━━ DATA IN THIS EXERCISE

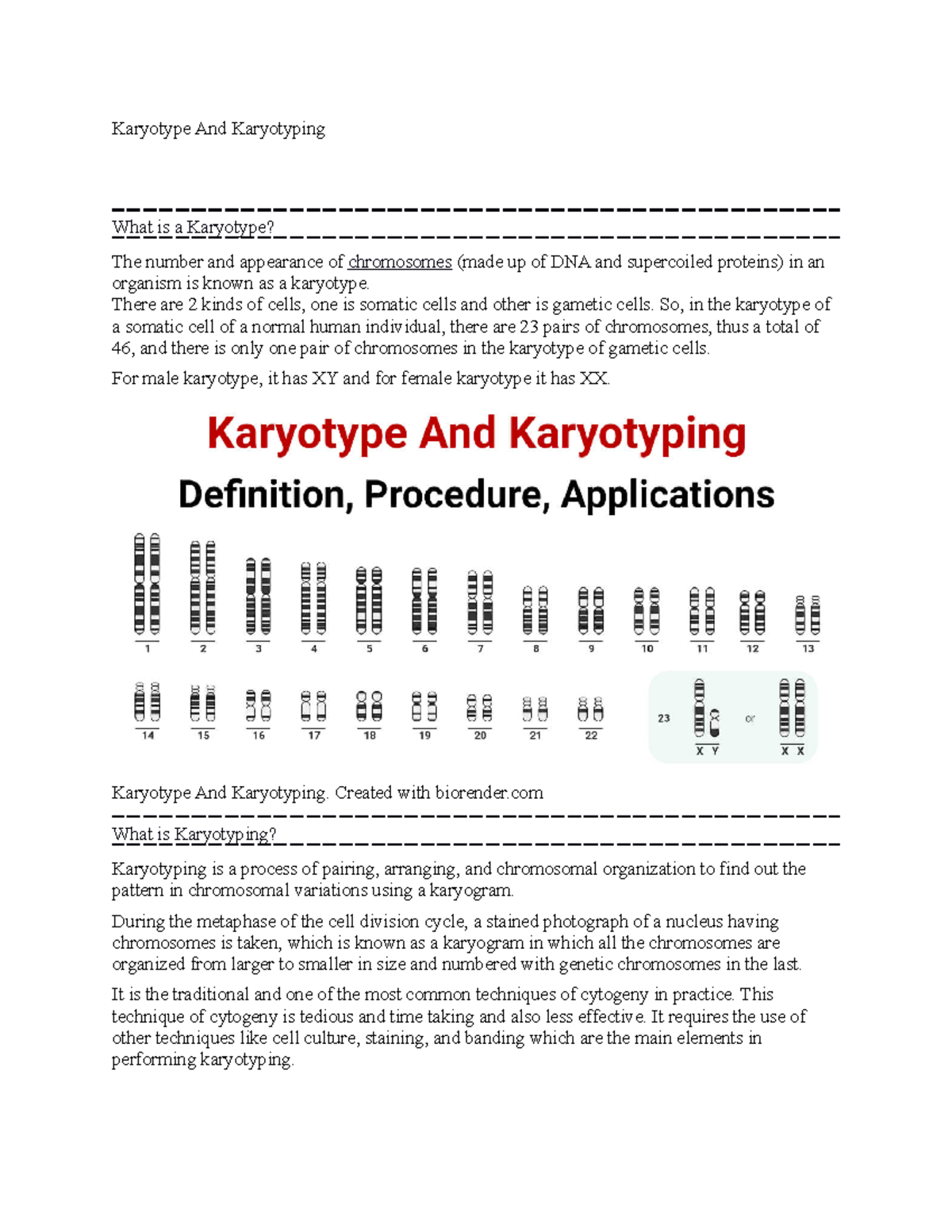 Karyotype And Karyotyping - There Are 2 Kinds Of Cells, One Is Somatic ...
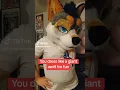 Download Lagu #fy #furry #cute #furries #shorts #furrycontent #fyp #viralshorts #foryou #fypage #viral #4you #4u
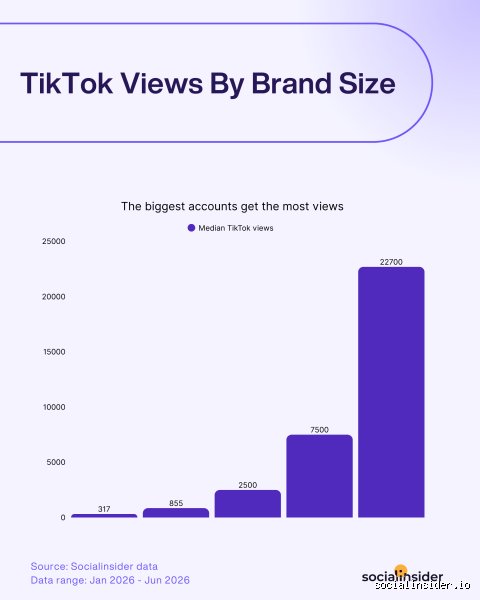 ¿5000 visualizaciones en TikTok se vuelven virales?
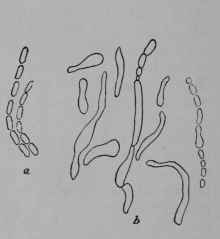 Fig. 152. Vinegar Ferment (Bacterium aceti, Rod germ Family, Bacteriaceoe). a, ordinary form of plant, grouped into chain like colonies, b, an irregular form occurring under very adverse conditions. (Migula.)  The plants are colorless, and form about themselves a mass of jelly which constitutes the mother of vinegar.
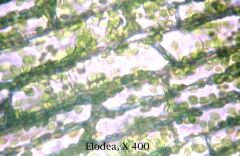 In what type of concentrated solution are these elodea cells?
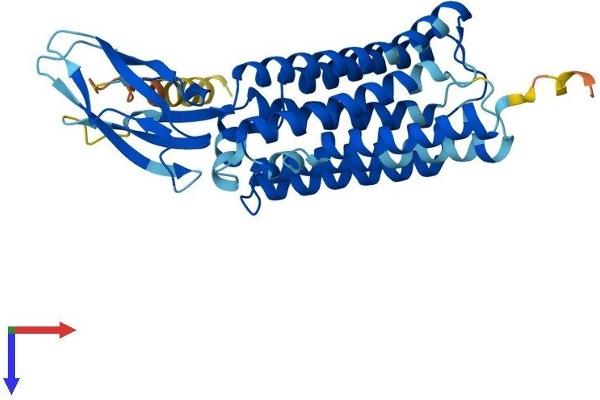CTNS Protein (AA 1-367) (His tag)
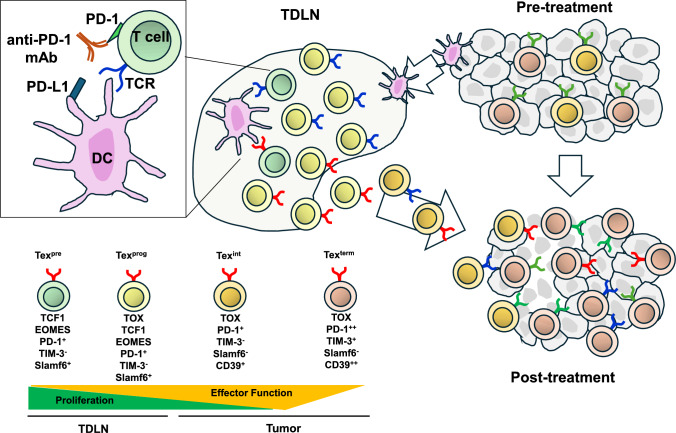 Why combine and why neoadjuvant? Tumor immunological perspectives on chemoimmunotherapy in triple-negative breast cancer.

━━━━

EXERCISE BRIEF:
Lines from the one containing "CTNS Protein (AA 1-367) (His tag)" through the end of the entries above, both included, are to be written out exactly; no pictures and no other lines.

RESPONSE BOX:
CTNS Protein (AA 1-367) (His tag)
 Why combine and why neoadjuvant? Tumor immunological perspectives on chemoimmunotherapy in triple-negative breast cancer.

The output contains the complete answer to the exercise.